BP is a British Company, so I don't know how these issues would apply in the UK. However, they have extensive US operations and there are subject to action in the US.

This will be interesting to watch as the story unfolds. Meanwhile, many lives are disrupted and changed because of the destruction caused by the poor decisions made by BP and it's contractor. Many business are destroyed, and the impact damage to the environment could be permanent. This tragedy will be with us for months and years to come.
 

Corporations and LLC are not Perfect Shields Against Personal Liability!

Several years ago I represented a company with a claim against another construction corporation. The owner of the defendant told me that neither he nor his company could be held liable for anything. His contracts, he told me, clearly stated that the company was not responsible for anything, and since he operated as a corporation, he could not be held liable.

He was wrong about the contract, but he could have been correct about the corporate shield. However there are exceptions, and the assumption that a corporation always shields the principals is just not the case. There are several exceptions to this rule.

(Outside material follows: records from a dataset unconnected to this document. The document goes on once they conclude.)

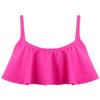 Kaerm Girls Kids Tankini Ruffles Rushguard Cami Crop Top Active Shirts Surfing Diving Swimwear Rose_Red 3 view 1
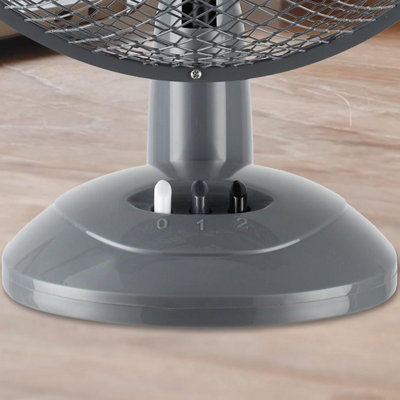 Schallen Small 9" Portable Desk Table Oscillating Cooling Fan with 2 Speed Setting & Quiet Operation in Grey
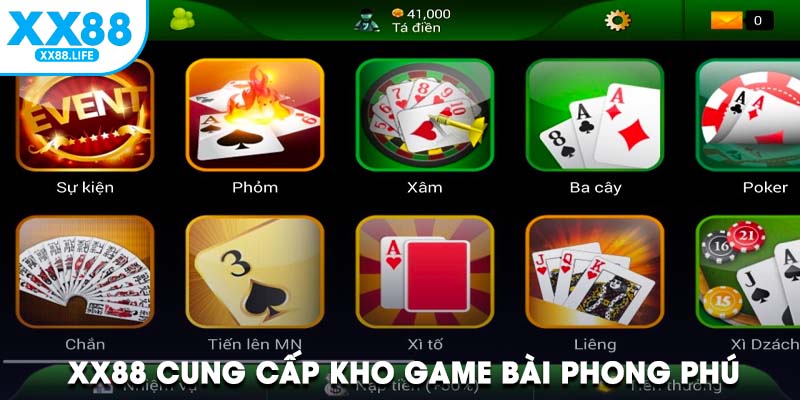 XX88 cung cấp kho game bài phong phú, hấp dẫn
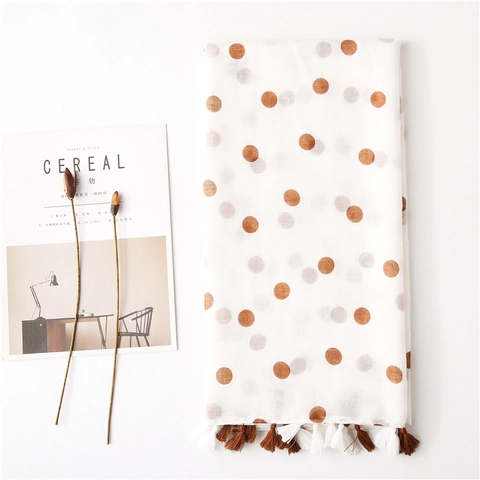 Polka Dot Print Schal Damen Leichter Quastenbesatz Sonnenschutz Strandtuch Atmungsaktive Polyester Voile Weicher Modeschal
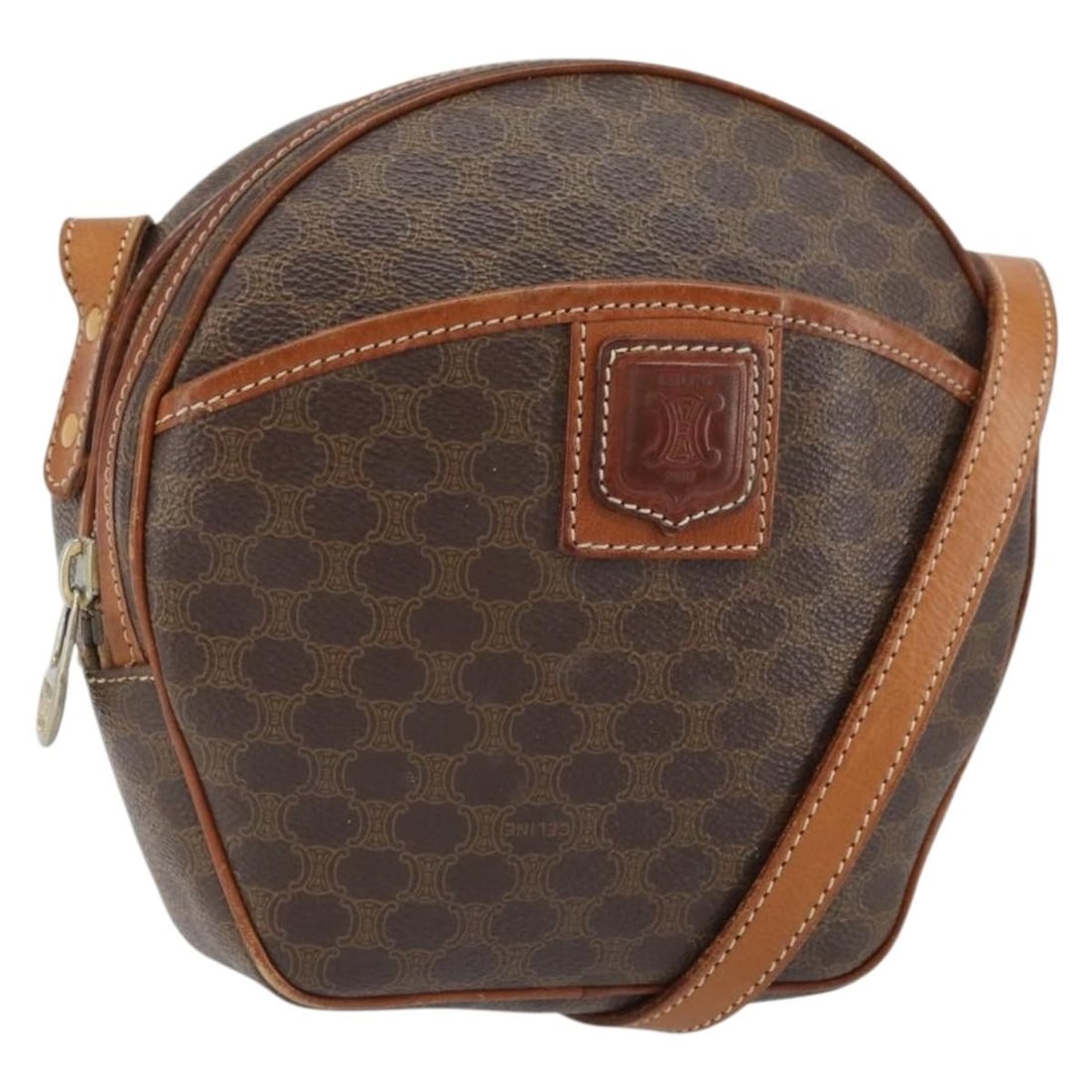 CELINE Macadam PVC Leather Brown Gold Shoulder Bag: CELINE Macadam PVC Leather Brown Gold Shoulder Bag This CELINE Macadam Canvas shoulder bag features a combination of PVC leather and the iconic Macadam canvas in brown and gold tones. Designed for wom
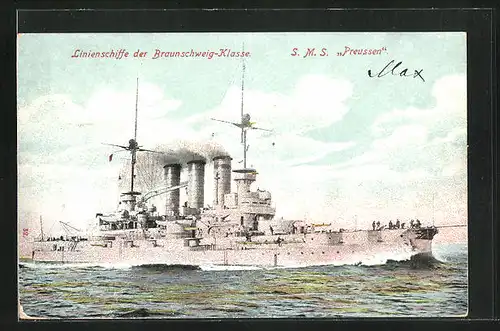 AK Kriegsschiff S.M.S. Preussen, Linienschiff der Braunschweig-Klasse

MarcWard posted an interesting Blog about this issue in his Iowa Limited Liability Company Blog. The case he describes could apply equally to the principals of a corporation and an LLC. The case, Allen v. Dackman, 2010 Md. LEXIS 82 (Md. Ct Appls. March 22, 2010) is illustrative of several statutes that impose liability on the principals. In the Allen case, Hard Assets, the company, purchase foreclosed property. It purchased some property sight unseen, and soon afterwords, discovered that there was a tenant living in the building. Hard Assets had the tenant removed. So far so good.

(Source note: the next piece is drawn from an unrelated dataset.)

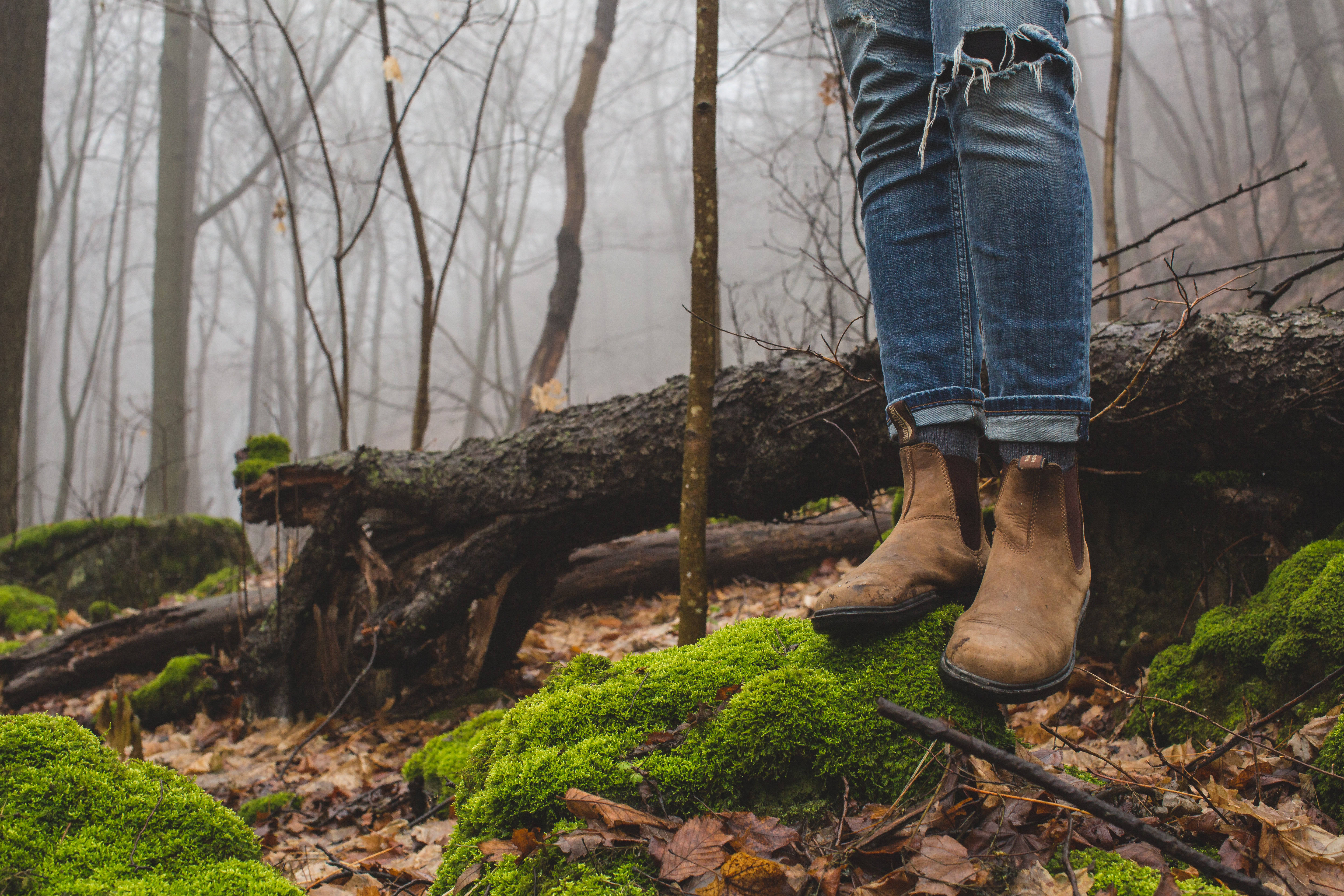 Brown Boots At Foggy Forest Wallpaper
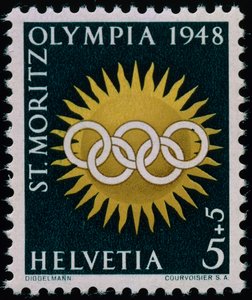 Frimærke til minde om vinter-OL i 1948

The tenant then sued Hard Assets and Dackman for alleged lead poisoning of her children. Dackman was a member of the LLC and the manager. At this point Hard Assets had only owned the building for several months. In fact, it was only seven months from the purchase to the eviction. So, the tenant sued Hard Assets and Dackman for damages. Unfortunately for Dackman, Statutes and ordinances can change the liability situation. Dackman was deemed to be the person that could effect the property, so he became personally liable for the damages under the Baltimore Housing Code. (See Ward's Blog for more detail.)

The point is, don't assume an LLC - or corporation provides the protection you want.

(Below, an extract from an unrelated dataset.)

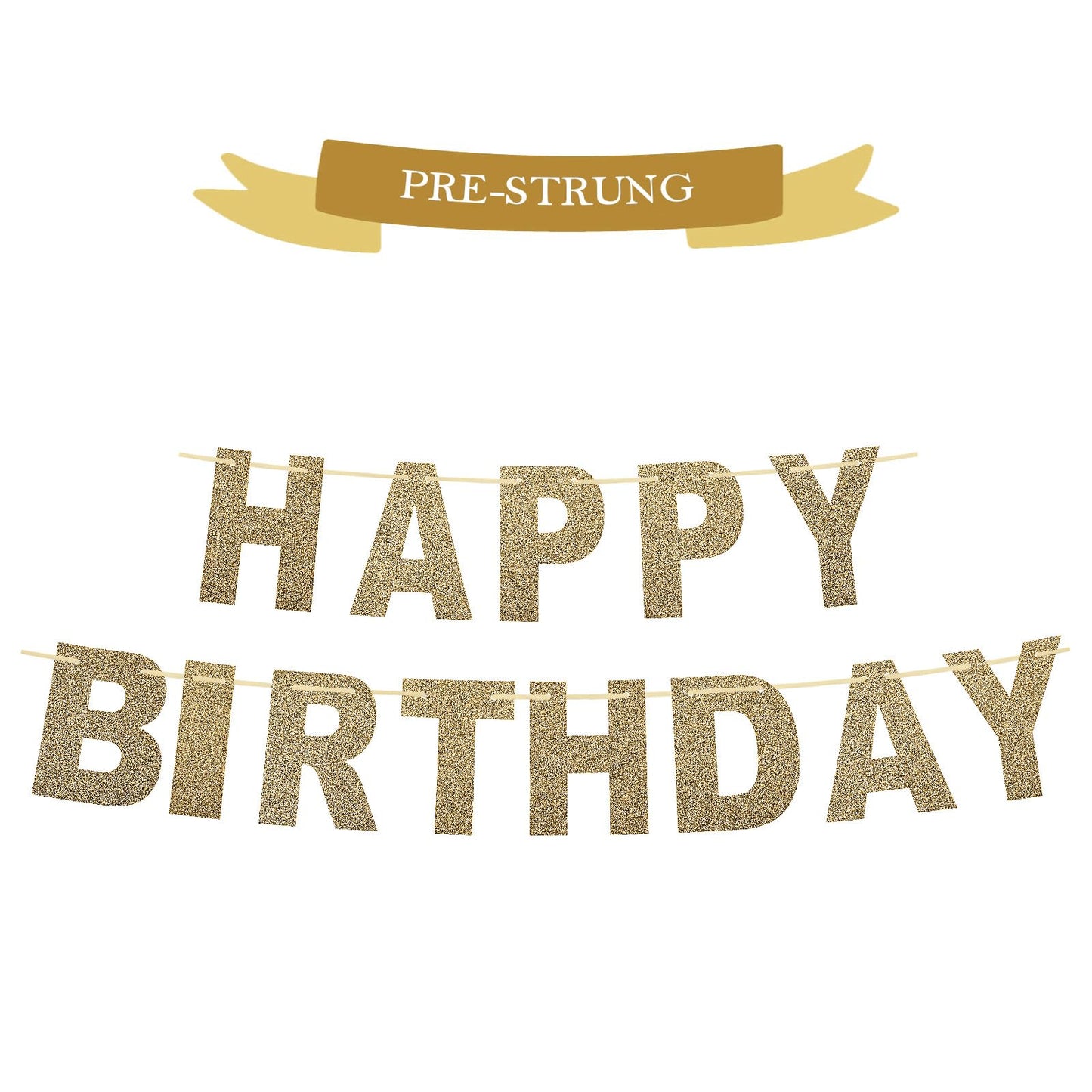 Happy Birthday Sign for Backdrop,Gold Happy Birthday Banner Glitter Pre-Strung Happy Birthday Decorations for Women Men,Birthday Party Supplies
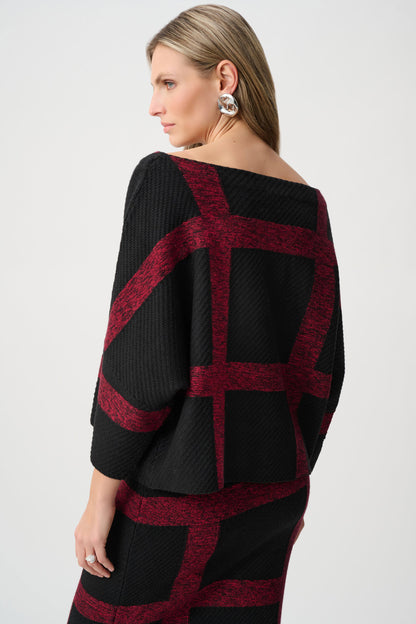 Brushed Viscose & Nylon Plaid Boat-Neck Sweater. Style JR263946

In Minnesota, a the principal of a franchisor can be held personally liable for damages relating to the breach of a franchise agreement. While this doesn't sound like a major problem, consider this: Under Minnesota Law, and the law in many states, it is very easy to inadvertently create a franchise agreement. Some license agreements are in fact franchise agreement, even though the parties do not intend that result.

In general, a franchise is very easy to create. The basic elements are:

A contract or agreement, either express or implied, whether oral or written, for a definite or indefinite period, between two or more persons:

a. by which a franchisee is granted the right to engage in the business of offering or distributing goods or services using the franchiser's trade name, trademark, service mark, logotype, advertising, or other commercial symbol or related characteristics (you use my name and send me a fee and we will both make money);

b. in which the franchiser and franchisee have a community of interest in the marketing of goods or services at wholesale, retail, by lease, agreement, or otherwise (We both make money and I will expand my business);

c. for which the franchisee pays, directly or indirectly, a franchise fee.
 

This is so easy it is not hard to see that parties could easily enter into a franchise agreement without ever knowing it.  The point of this post is to show that there are some circumstances where the corporate or LLC shield does not provide protection to the principals. So beware!